Takengon | Lintas Gayo – Lembaga Bantuan Hukum (LBH) Banda Aceh Pos Takengon dengan wilayah kerjanya meliputi Kabupaten Aceh Tengah, Bener Meriah, Gayo Lues dan Kabupaten Aceh Tenggara memberikan layanan bantuan hukum melalui 2 (dua) kategori yaitu Bantuan Hukum Struktural (BHS) yaitu kasus-kasus pelanggaran hak asasi manusia, dan Bantuan Hukum Cuma-Cuma (BHC) bagi rakyat miskin.
Selama 2011, LBH Banda Aceh Pos Takengon menangani sebanyak 22 kasus, dimana diantaranya 8 Kasus BHS, dan 10 Kasus BHC serta 4 Kasus Litigasi di Pengadilan Negeri Takengon.
Kasus BHC yang banyak dikonsultasikan oleh masyarakat adalah kasus perdata dan pidana, dimana penerima manfaatnya sekitar 15 Orang.
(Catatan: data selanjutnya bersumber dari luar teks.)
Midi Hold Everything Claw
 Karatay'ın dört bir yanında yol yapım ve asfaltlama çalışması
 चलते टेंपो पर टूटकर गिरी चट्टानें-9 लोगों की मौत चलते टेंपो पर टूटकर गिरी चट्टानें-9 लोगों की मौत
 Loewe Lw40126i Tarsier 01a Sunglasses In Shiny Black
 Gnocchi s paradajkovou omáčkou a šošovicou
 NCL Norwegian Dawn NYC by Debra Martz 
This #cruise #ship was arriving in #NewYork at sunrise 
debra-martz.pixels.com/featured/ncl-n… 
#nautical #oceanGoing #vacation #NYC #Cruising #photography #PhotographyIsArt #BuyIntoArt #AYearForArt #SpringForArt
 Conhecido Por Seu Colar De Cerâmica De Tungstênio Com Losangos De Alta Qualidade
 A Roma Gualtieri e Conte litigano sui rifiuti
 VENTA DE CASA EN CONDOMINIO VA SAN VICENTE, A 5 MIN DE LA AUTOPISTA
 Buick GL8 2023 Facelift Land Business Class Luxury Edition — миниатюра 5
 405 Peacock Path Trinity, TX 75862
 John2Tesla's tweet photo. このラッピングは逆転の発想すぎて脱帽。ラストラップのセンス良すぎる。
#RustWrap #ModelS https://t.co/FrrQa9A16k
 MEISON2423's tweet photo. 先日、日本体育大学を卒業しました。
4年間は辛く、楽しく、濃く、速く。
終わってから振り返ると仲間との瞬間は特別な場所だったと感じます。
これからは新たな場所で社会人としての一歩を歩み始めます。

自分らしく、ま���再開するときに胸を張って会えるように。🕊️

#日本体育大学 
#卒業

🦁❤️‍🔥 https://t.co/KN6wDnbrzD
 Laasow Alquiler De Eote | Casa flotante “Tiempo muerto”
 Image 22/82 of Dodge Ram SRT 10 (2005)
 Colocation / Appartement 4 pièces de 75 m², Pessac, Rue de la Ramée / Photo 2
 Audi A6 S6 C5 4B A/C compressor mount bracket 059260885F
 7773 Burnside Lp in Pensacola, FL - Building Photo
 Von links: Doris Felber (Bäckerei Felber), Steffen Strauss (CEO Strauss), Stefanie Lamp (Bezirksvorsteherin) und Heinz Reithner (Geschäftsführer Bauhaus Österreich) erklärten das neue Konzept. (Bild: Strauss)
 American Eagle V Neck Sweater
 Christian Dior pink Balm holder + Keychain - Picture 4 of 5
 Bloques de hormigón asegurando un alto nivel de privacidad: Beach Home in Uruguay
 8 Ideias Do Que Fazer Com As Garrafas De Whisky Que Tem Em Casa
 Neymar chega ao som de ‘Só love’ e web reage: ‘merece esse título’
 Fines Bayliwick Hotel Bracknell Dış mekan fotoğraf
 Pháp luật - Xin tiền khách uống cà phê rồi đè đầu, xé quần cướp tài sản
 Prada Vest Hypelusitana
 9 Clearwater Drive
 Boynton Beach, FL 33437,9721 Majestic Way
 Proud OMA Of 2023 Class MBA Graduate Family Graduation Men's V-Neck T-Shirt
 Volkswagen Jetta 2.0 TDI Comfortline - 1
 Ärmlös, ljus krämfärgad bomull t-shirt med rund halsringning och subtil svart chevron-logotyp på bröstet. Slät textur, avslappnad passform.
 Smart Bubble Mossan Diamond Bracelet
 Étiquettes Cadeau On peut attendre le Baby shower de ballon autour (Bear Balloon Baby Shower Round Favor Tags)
Kemudian untuk kasus pelanggaran HAM yang terjadi, termasuk dalam BHS atau perkara Non Litigasi ada sebanyak 8 Kasus, dimana penerima manfaatnya sekitar 48 orang ditambah 3 desa.
Dari 8 kasus Pelanggaran HAM yang diadukan oleh masyarakat, Kepolisian merupakan lembaga yang paling banyak diadukan oleh masyarakat, yaitu sebanyak 3 kasus tentang Pelanggaran terhadap Hak Atas Persamaan di Hadapan Hukum dan Pelanggaran Terhadap Hak Atas Anak, kemudian disusul Pengadilan 2 Kasus tentang Pelanggaran Atas Proses Peradilan Yang Adil, serta Pemerintah Kabupaten dan Perusahaan/Pemilik Modal masing-masing 1 kasus.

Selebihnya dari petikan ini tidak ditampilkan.